Thursday, April 05, 2007

Occupation by Coalition Forces

Iraq was invaded in March 2003 by a United States-organized coalition with the stated reasons that Iraq had not abandoned its nuclear and chemical weapons development program according to United Nations resolution 687. When Iraq invaded Kuwait, United Nations Security Council, under Chapter VII of the United Nations Charter, adopted resolution 678, authorizing armed action against Iraq. Resolution 678 contained vague language authorizing U.N. member states to use "all necessary means" to "restore international peace and security in the area." After Iraq was expelled from Kuwait, the United Nations passed a cease-fire resolution 687. The agreement included provisions obligating Iraq to discontinue its nuclear weapons program. United States asserted that because Iraq was in "material breach" of resolution 687, the armed forces authorization of resolution 678 was revived.
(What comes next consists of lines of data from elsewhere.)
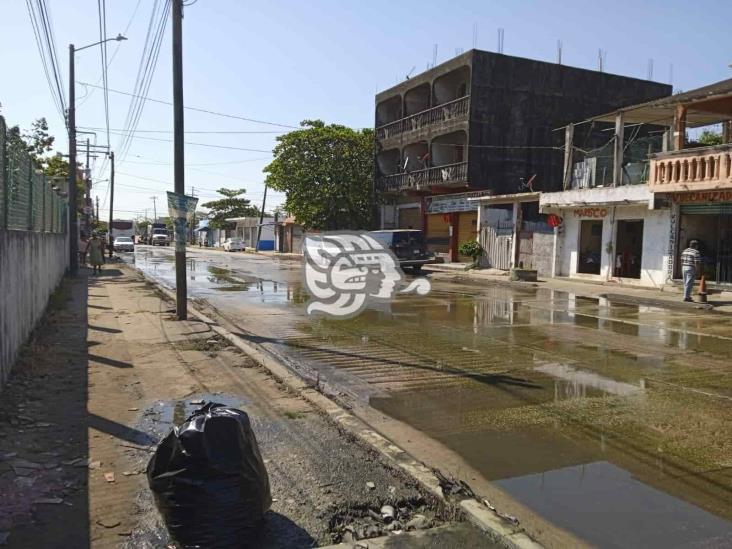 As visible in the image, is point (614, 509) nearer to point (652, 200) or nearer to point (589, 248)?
point (652, 200)

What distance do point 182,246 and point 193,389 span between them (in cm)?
613

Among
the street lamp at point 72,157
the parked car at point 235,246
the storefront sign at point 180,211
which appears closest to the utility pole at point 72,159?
the street lamp at point 72,157

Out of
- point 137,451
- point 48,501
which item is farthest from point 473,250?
point 48,501

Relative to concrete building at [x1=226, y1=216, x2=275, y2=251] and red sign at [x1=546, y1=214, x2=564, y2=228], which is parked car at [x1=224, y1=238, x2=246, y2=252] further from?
red sign at [x1=546, y1=214, x2=564, y2=228]

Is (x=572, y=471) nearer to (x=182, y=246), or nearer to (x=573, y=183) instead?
(x=182, y=246)

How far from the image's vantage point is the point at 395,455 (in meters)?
4.81

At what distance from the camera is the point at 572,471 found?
189 inches

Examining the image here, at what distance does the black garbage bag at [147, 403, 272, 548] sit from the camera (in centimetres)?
338

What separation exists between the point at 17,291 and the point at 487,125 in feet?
93.2

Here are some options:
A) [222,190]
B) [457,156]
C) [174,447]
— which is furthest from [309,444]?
[222,190]

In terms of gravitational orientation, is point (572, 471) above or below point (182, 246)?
below

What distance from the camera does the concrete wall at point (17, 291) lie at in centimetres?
654

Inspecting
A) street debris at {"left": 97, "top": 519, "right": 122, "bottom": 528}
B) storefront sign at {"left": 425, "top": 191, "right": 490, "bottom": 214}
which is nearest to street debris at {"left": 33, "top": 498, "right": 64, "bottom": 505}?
street debris at {"left": 97, "top": 519, "right": 122, "bottom": 528}

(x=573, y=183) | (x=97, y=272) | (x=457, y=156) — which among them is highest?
(x=457, y=156)
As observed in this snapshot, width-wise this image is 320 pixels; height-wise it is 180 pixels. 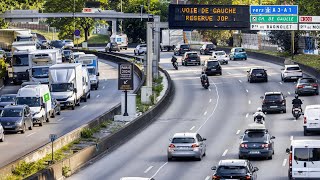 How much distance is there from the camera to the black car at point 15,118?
57906mm

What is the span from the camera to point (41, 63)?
87.4 m

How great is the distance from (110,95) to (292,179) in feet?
159

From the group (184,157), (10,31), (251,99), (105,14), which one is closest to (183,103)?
(251,99)

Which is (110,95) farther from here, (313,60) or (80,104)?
(313,60)

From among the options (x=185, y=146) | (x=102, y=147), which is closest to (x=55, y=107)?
(x=102, y=147)

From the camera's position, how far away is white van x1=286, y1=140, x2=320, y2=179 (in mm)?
37250

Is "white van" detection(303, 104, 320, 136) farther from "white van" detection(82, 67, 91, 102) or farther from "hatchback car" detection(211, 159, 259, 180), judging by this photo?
"white van" detection(82, 67, 91, 102)

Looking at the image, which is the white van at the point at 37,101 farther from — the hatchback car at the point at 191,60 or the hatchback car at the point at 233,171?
the hatchback car at the point at 191,60

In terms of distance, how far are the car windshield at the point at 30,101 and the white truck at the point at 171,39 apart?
76324 millimetres

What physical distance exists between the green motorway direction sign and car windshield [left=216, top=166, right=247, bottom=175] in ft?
166

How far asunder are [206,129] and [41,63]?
31790 mm

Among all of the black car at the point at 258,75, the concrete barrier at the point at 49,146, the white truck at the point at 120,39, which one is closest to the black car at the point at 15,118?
the concrete barrier at the point at 49,146

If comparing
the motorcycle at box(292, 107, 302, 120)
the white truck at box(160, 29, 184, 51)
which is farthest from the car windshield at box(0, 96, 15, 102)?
the white truck at box(160, 29, 184, 51)

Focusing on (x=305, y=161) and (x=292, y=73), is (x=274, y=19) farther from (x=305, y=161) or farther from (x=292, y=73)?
(x=305, y=161) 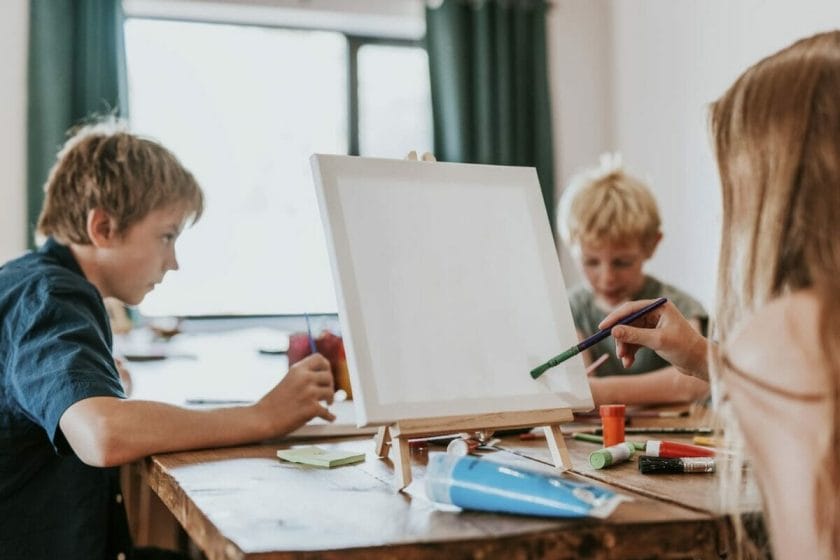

Downtown Baghdad monument of Saddam Hussein vandalized by Iraqis shortly after the Occupation of Coalition Forces in April 2003.The public justifications, given for invasion included purported Iraqi government links to Al Qaeda, claimed that Iraq had weapons of mass destruction, the opportunity to remove an oppressive dictator from power, and the bringing of democracy to Iraq. In his State of Union Address on January 29, 2002, the American President George W. Bush declared Iraq as being a member of the "axis of evil". Like North Korea and Iran, Iraq's attempt to acquire weapons of mass destruction gave credentials to claim that the Iraqi government caused a serious threat to America's national security. "Iraq continues to flaunt its hostilities toward America and to support terror. The Iraqi regime has plotted to develop anthrax, and nerve gas, and nuclear weapons for over a decade... This is a regime that agreed to international inspections--then kicked out inspectors. This is a regime that has something to hide from the civilized world... By seeking weapons of mass destruction, these regimes [Iran, Iraq and North Korea] pose a grave and growing danger. They could provide these arms to terrorists, giving them the means to match their hatred."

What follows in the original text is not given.